What is inward remittance? It means getting money from another country into your local bank account. For instance, if someone living abroad, like a family member or friend, sends you money, that’s foreign inward remittance. This can happen for many reasons, such as family support, personal needs, or business payments. Banks ensure this money transfer is safe and arrives when it is supposed to.
Understanding inward remittance
Inward remittance is the process of getting money into your local Savings Account from abroad. This could be sent by NRIs, foreign business partners or clients. Banks make it easy to receive money securely through various methods, such as wire transfers, Foreign Currency Demand Drafts (FCDDs) With banks providing features like tracking, quick fund credits, multi-currency support and transparency, you can rest assured your money is handled with care.

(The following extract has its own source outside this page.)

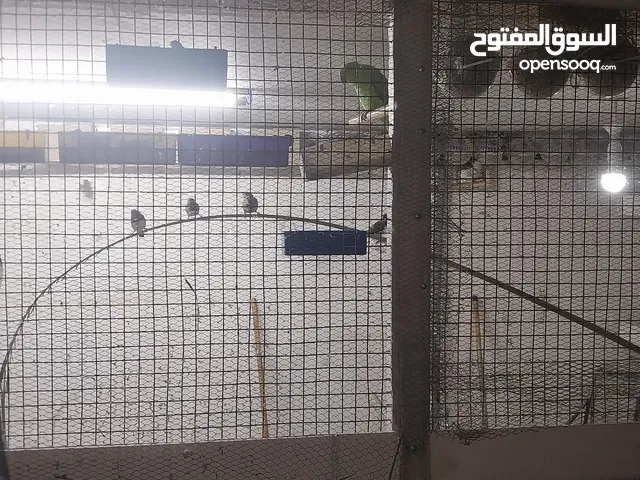 السلام عليكم موجود مطير عشرين حبه كوكتيل مشكل كلو شغال وجنه كلو شغال تحتي بيض وفراخ وجاوه تقريبا 7جو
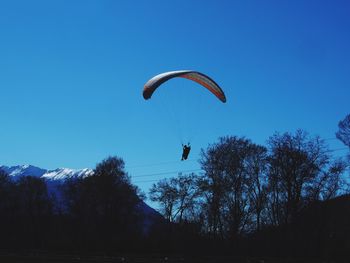 Low angle view of hot air balloons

Features of inward remittance
- Immediate alerts: You get instant notifications upon fund receipt.
- Secure channel: Banks use secure transfers via SWIFT, Rupee Drawing Arrangement (RDA) and Money Transfer Service Scheme (MTSS).
- Competitive Rates: Applicable for all RBI approved purpose codes. Further, there is no upper limit on transaction amount with Axis Bank.
- Minimal documentation: Fast & easy documentation process for your convenience.
Documents required for inward remittance
- Recipient's account number, bank name / address and SWIFT code.
- Purpose code, which indicates the transfer reason (e.g., family support, trade payments).
- Foreign exchange declaration form (declaration may depend on the transaction amount and the purpose code as per RBI rules).
Process of inward remittance
- The sender transfers funds from an international bank or money transfer service, providing all necessary details.
- Foreign currency is converted to INR or kept in a foreign currency account (like a FCNR Deposit).
- On receipt of the money, log in to your net banking. Select the pending remittance, choose the purpose code, and submit your request.
RBI guidelines for foreign inward remittance
- Beneficiaries in India can receive cross-border remittances through banking, postal channels, RDA and MTSS. Foreign banks can partner with local banks to facilitate remittances.
- Each transaction must include a valid purpose code as per FEMA regulations.
- The RDA has no limit for personal remittances; trade-related ones are capped at ₹15 lakh.
- Under the MTSS, remittances are limited to USD 2500 per transaction and 30 transactions per beneficiary per year.
FAQs
What are the common channels for receiving inward remittance?
Common channels include Wire Transfers, banking, postal channels (via the IFS platform of UPU), Rupee Drawing Arrangement (RDA) and Money Transfer Service Scheme (MTSS).
Are there any fees or charges associated with inward remittance?
Yes, charges may vary depending on the channel, amount, and currency.
Who can receive inward remittances?
Individuals and businesses can receive inward remittances, subject to applicable regulations.
Disclaimer: This article is for information purpose only. The views expressed in this article are personal and do not necessarily constitute the views of Axis Bank Ltd. and its employees. Axis Bank Ltd. and/or the author shall not be responsible for any direct / indirect loss or liability incurred by the reader for taking any financial decisions based on the contents and information. Please consult your financial advisor before making any financial decision.